When someone, such as a person or a bot, the requester, requests a resource from your server, this request, for Apache, is logged in the raw access log. The requester also leaves some information about itself called http request headers. While not standard to log on Apache, with a little bit of php added to the html, this extra information can be logged and examined to help determine if the requester is a bot or human.
As an additional file will be created daily, I opted to put these files into a subdirectory. The headers, one per line, are being logged into a headers-yyyymmdd.log file, which seems free form. Different requesters leave different sets of headers.
Apache, the server and not the Indian tribe, is a fickle mistress. She is more than a little unpredictable, or at least it feels this way on Site5. While I realize that Apache is a web server, a computer who should be very logical, often times I notice very odd behaviour. Maybe it is the server setup, caching, or even traffic volume, I do not know. I do know that if you have some error in your htaccess file, the Apache server will then display a combination of ip addresses and host names. Once you fix the error, which no one can point out and there is no error message to go by, you will be back to only ip addresses.

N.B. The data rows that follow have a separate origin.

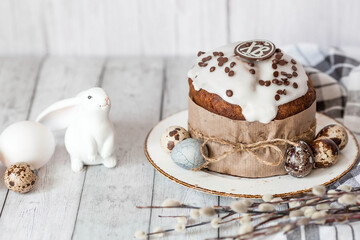 Stylish grey Easter eggs in the colors of marble, concrete, willow branches, Easter bunnies and Easter cake on a white wooden background. Coloring eggs for Easter.  The feast of bright Easter.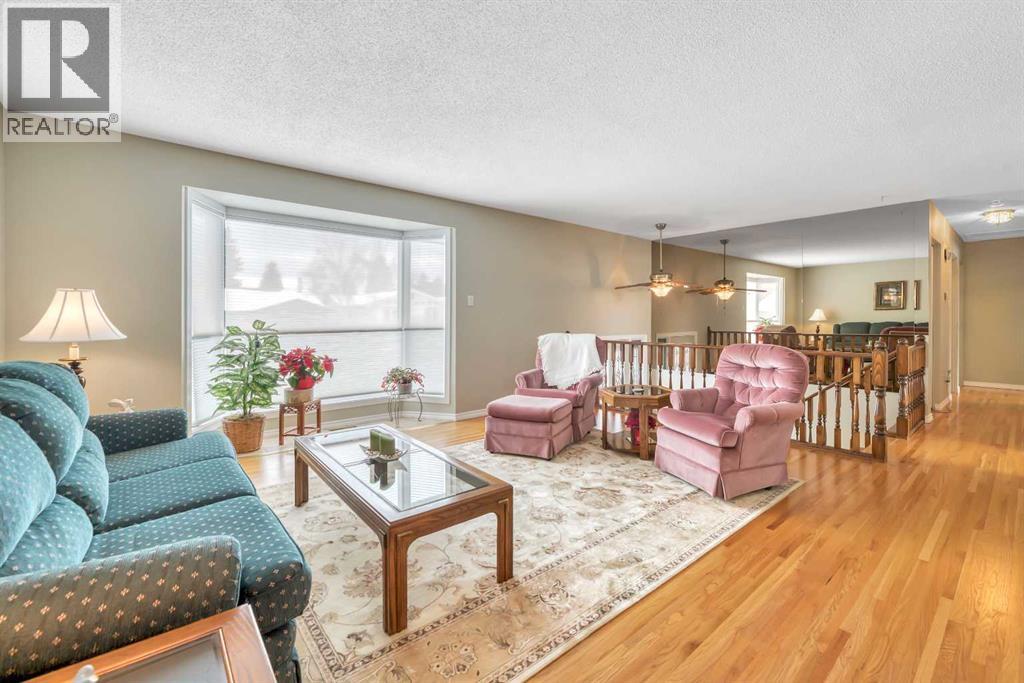 Single Family House Bi-level for Sale in  Lake Waterton Crescent SE Lake Bonavista Calgary 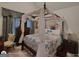 Spacious bedroom featuring a canopy bed, dresser, and decorative accents at 1292 Hidden Spirit Trl, Lawrenceville, GA 30045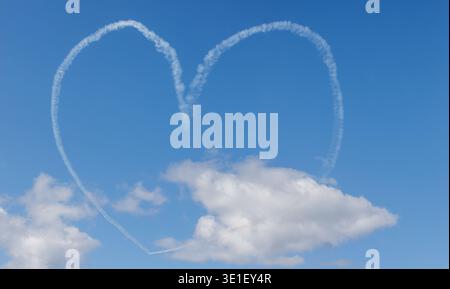 Ein Flugzeug zeichnet eine Herzform am Himmel mit einer Rauchspur und hinterlässt ein Symbol der Liebe auf der blauen Weite. Stockfoto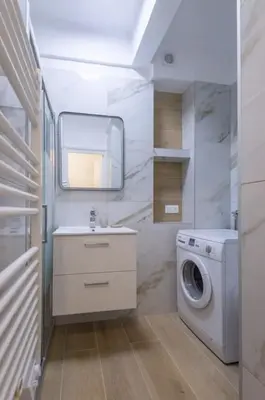 a kitchen with a table and a table and a window at Charmant studio rue Hérold - Wifi, AC, 2pers in Nice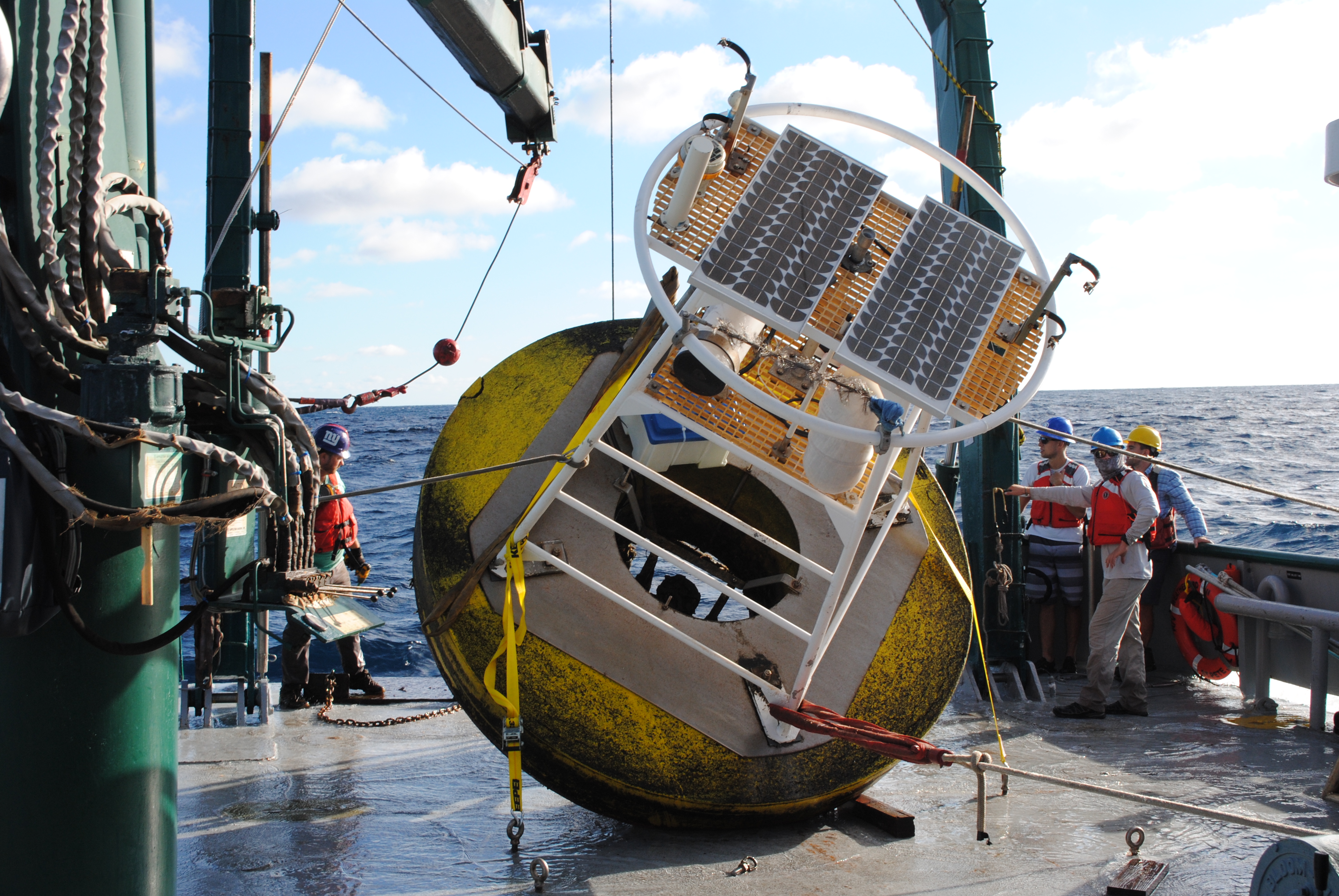 Jay Law, left, and crew with a weather buoy on the deck of the R/V Weatherbird II.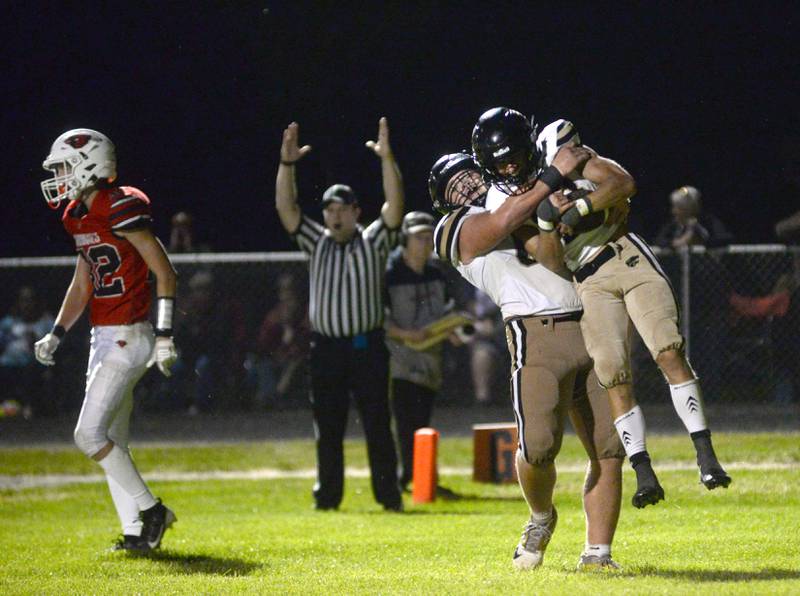 Lena-Winslow's Alec Schlichting gets a hug from a lineman after scoring a touchdown against Forreston on  Friday, Aug, 29, 2025 at Forreston High School.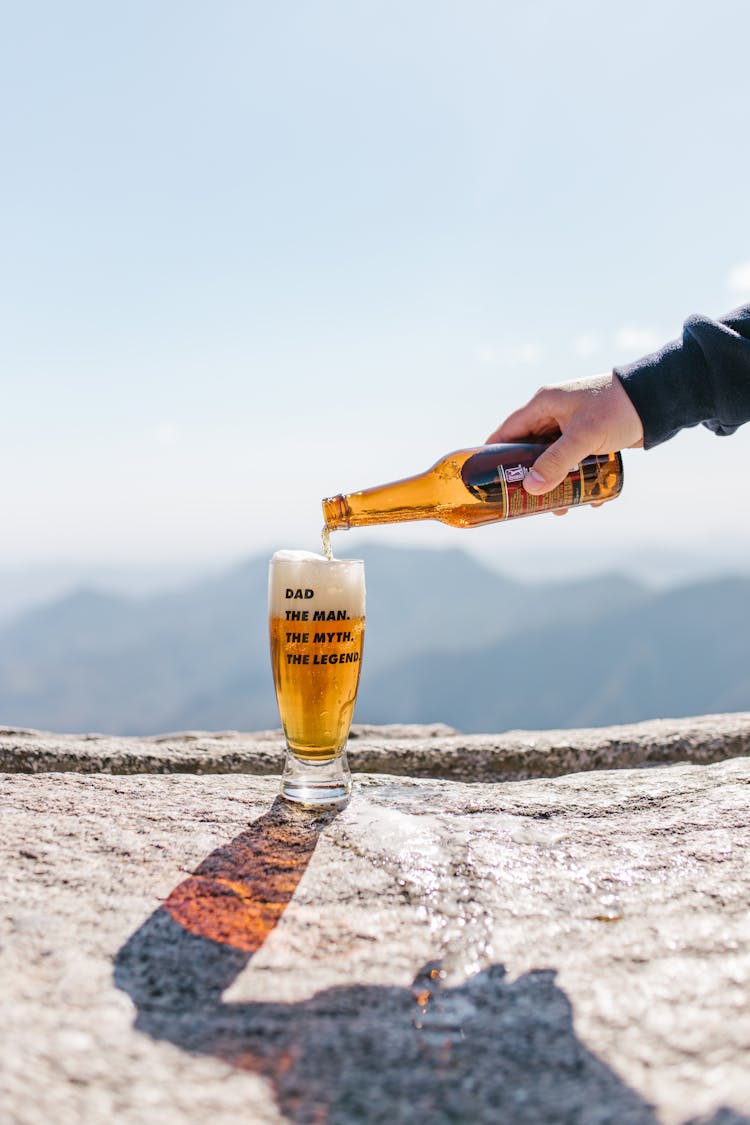 Person Pouring Beer In A Glass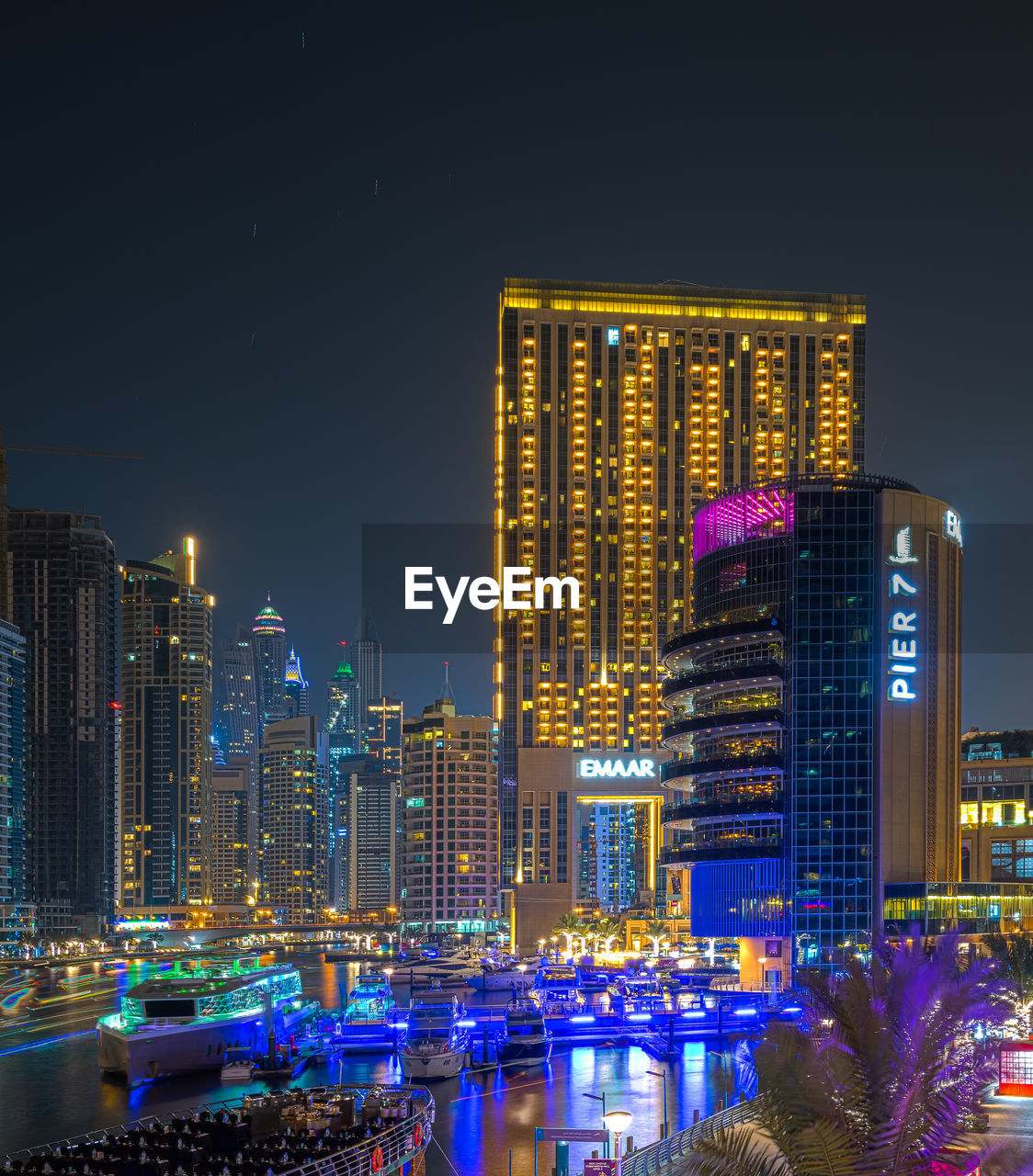 ILLUMINATED BUILDINGS IN CITY AT NIGHT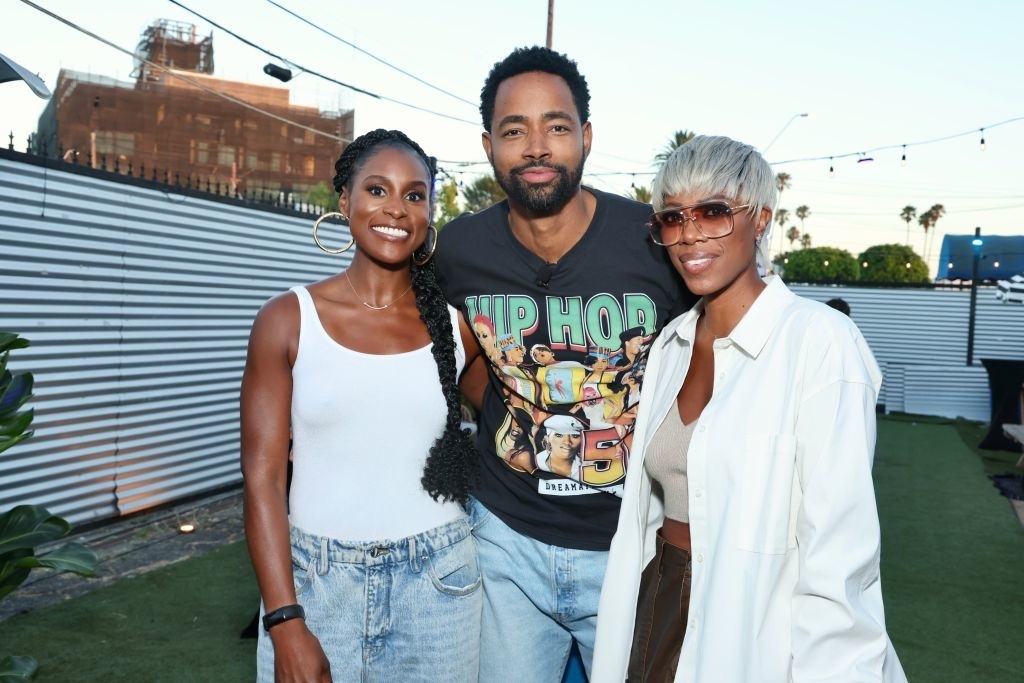 Three individuals, Issa Rae, Jay Ellis, and Yvonne Orji, are smiling while posing together outdoors; Jay Ellis is wearing a graphic T-shirt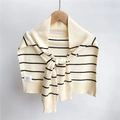 Detail of knit shawl wash label showing material mix of polyester, nylon and acrylic - Creamy White Stripes
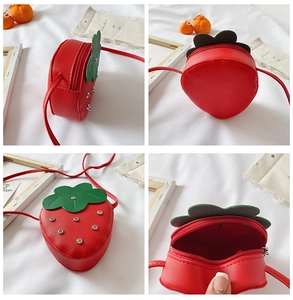 Detail view of red strawberry crossbody bag for kids with studs and zip closure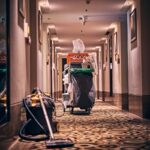 black and gray stroller on hallway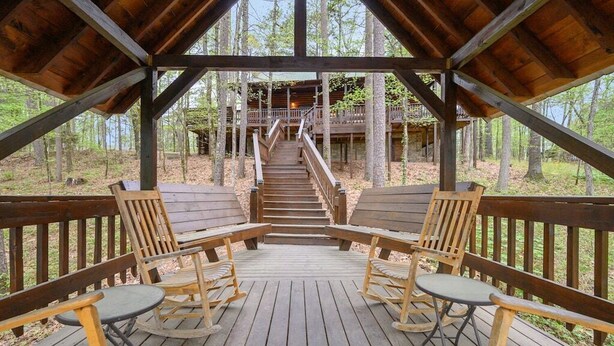 A wooden deck with rocking chairs and a staircase leading to a cabin in a forest.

Does your raw access log display a host name of “0”, or zero? Very odd, is it not? I have been struggling with this for a couple of months, and my ISP Site5 had no answers. It turns out that one of my spammers, NFORCE_ENTERTAINMENT, puts an unprintable character into their host table, so that when my ISP looks them up, they display the unprintable character in my log as “0”.
Trying to control your site’s spam can be challenging. If you try to ban an IP that is simply 0, or a host name of “0” you will fail, because there is no zero in their host name, but an unprintable character. Ban these guys instead.
My htaccess file is getting large as I continually ban more bad bots of the world. As it gets larger there are bound to be more mistakes. One of the mistakes can occur in “deny from” lines, which account for the vast majority of lines in the htaccess. If you add any alpha characters to the ip addresses in “deny from” lines, the Apache server will do all host lookups and try to not return IP addresses. This means that some spammers’ ip addresses will be hidden behind bogus host names. For accuracy it is best for the Apache server to return their IP addresses. Using IPs you can then do host and search lookups, find them and ban them.